After the grower notices the first shoot, or tiller, appear from the ground, additional shoots sprout at the soil level and grow. This is the tillering stage. At the beginning of this phase, there is ample distance between each of the tillers. As more shoots sprout, they fill in the empty spaces. In jointing, the shoot grows several more “joints,” also known as nodes and leaves. The nodes help to extend the stem and provide stability. Leaves grow from the nodes and help the plant obtain necessary nutrients from the sun, rain and fertilizer.
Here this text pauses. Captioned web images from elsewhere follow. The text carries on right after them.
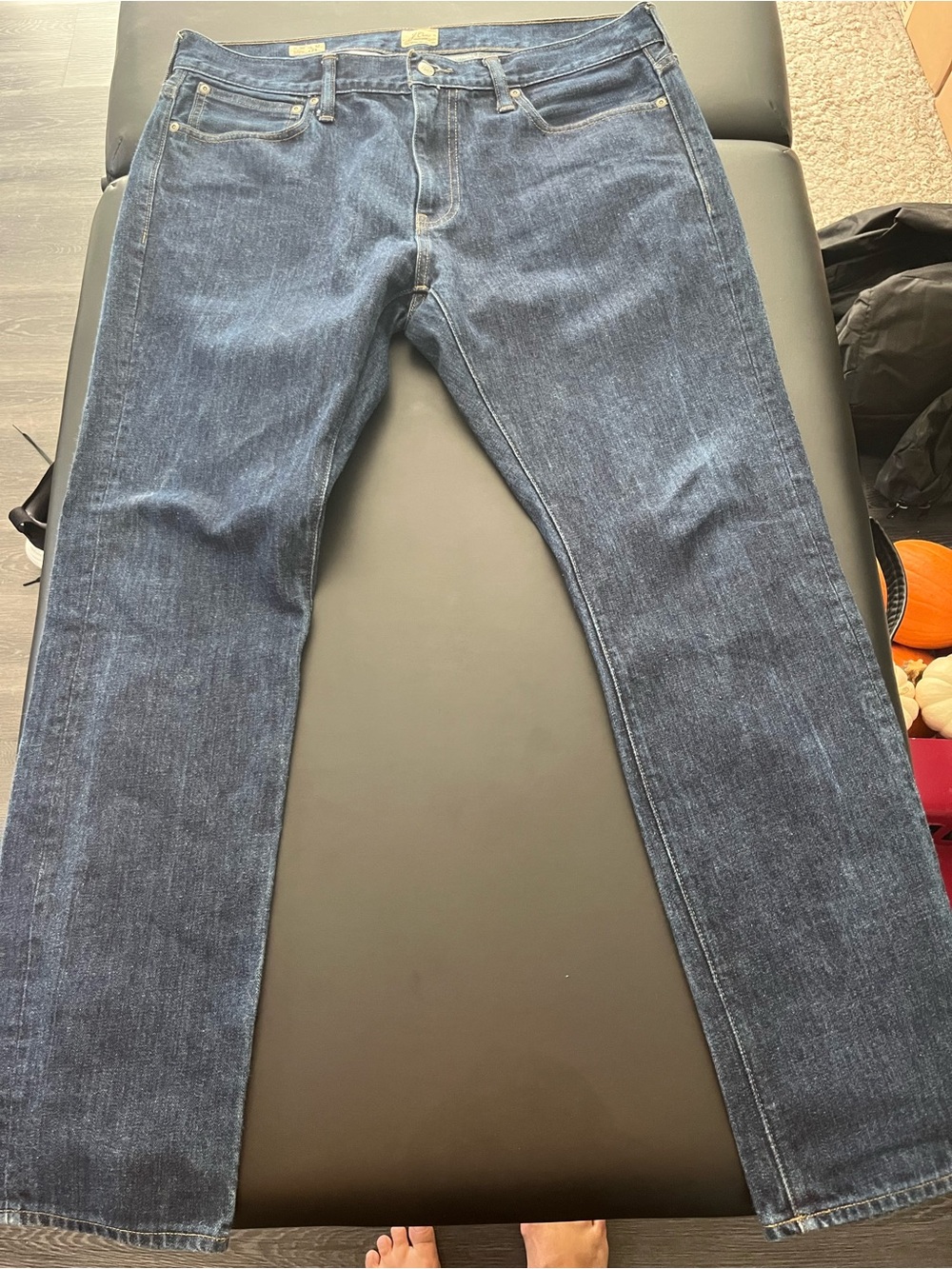J. Crew 484 Men's Straight Jeans in Dark Indigo 36 x 32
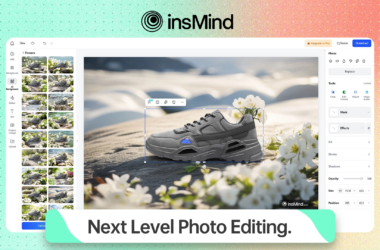 Insmind é um editor de fotos com ia online e gratuito. Foto: insmind.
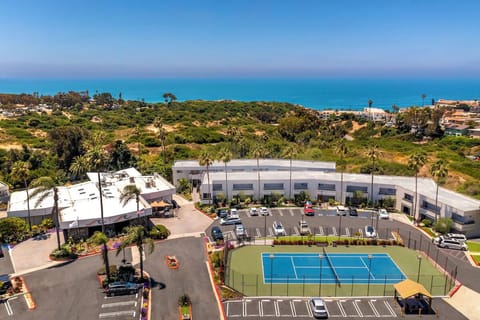 Soak up ocean breezes with courts and coastline views.
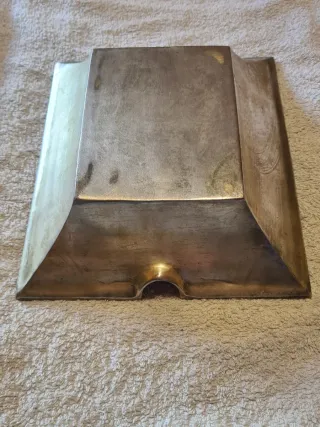 Posacenere Vintage Metallo Decorato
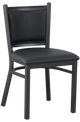 Indoor Metal Chair w/ Vinyl Semi-Gloss Black Seat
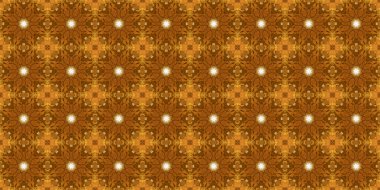 Kahve ve kola ile kusursuz desen. Altın desen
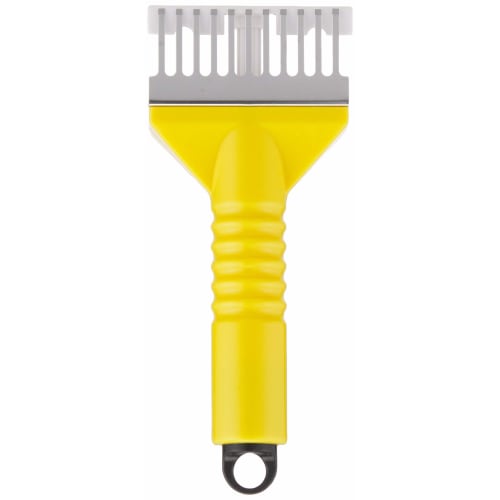 Shimomura Kogyo Full Veggie Smile Soft Meat Slicer, Made in Japan, FVS-630, Made in Tsubame-Sanjo, Niigata, Yellow, 147 x 62 x 24 mm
In booting, the head that is forming inside the stem emerges with the last leaf wrapped around it. The head then continues to grow upward out of the wrapped boot of the leaf, unfolding during the flowering phase.
The Harvest
Each type of wheat has different planting and harvesting times throughout the year. For example, Winter Wheat is planted in the fall, lies dormant through the winter, grows in the spring and then is harvested in early summer. Spring Wheat is planted in the spring, sprouts within weeks and is harvested in the fall.
For thousands of years, the harvest involved reaping and threshing of the entire field by hand. To “reap” means to cut the wheat at its base with a large blade and manually bundle it. Threshing required either cattle or farmers to beat the kernels out of the grain head.
Today, the majority of producers use the combine to cut and separate the grain and store it in a bin on the machine. When the bin is full, it is deposited into a truck that drives the load to the grain elevator for storage.